Jim Berry and Val Mayerik’s Of Dust and Blood is, first of all, noteworthy for being a historical comic. While historical comics and comics with a historical setting are more common on the global scale, most U.S. comics concern themselves with people in pajamas punching other people in pajamas. While only sixty years ago, superhero comics were in the minority on the newsstand, and even today, the medium is wide and varied, due to the contributions of independent publishers outside the mainstream, there remain genres that are underutilized in the U.S., the scarcest of which may be the historical comic, whether that is historical fiction, or historical re-enactment through sequential art. Nonetheless, good historical comic books, such as Maus and March, do appear. How does Of Dust and Blood compare with these celebrated graphic novels, and does it add value to the small shelf of comic book histories?

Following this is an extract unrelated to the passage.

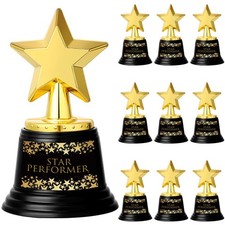 10 PCS 5 inch Plastic Gold Star Trophies "Thank You for Being Awesome" Award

Firstly, Of Dust and Blood appears to differ from these other books in that Maus and March are representations of a still living history, describing times that are memories for living people. While I could point out that my grandfather’s grandfather was a young man when the events described in Of Dust and Blood transpired, and it has hence not truly passed out of the oral record of things that generation spoke to those that came after (which sets it apart from Frank Miller’s 300) the events at Little Bighorn have nonetheless passed out of the memory of everyone living, and the creators of Of Dust and Blood used a sizable bibliography to dramatize these events. And so, Of Dust and Blood has no biographical impulse, but instead is not unlike a passion play in its mission to make a living, breathing, history out of what has passed. It is less re-enactment than a recreation of this pivotal day.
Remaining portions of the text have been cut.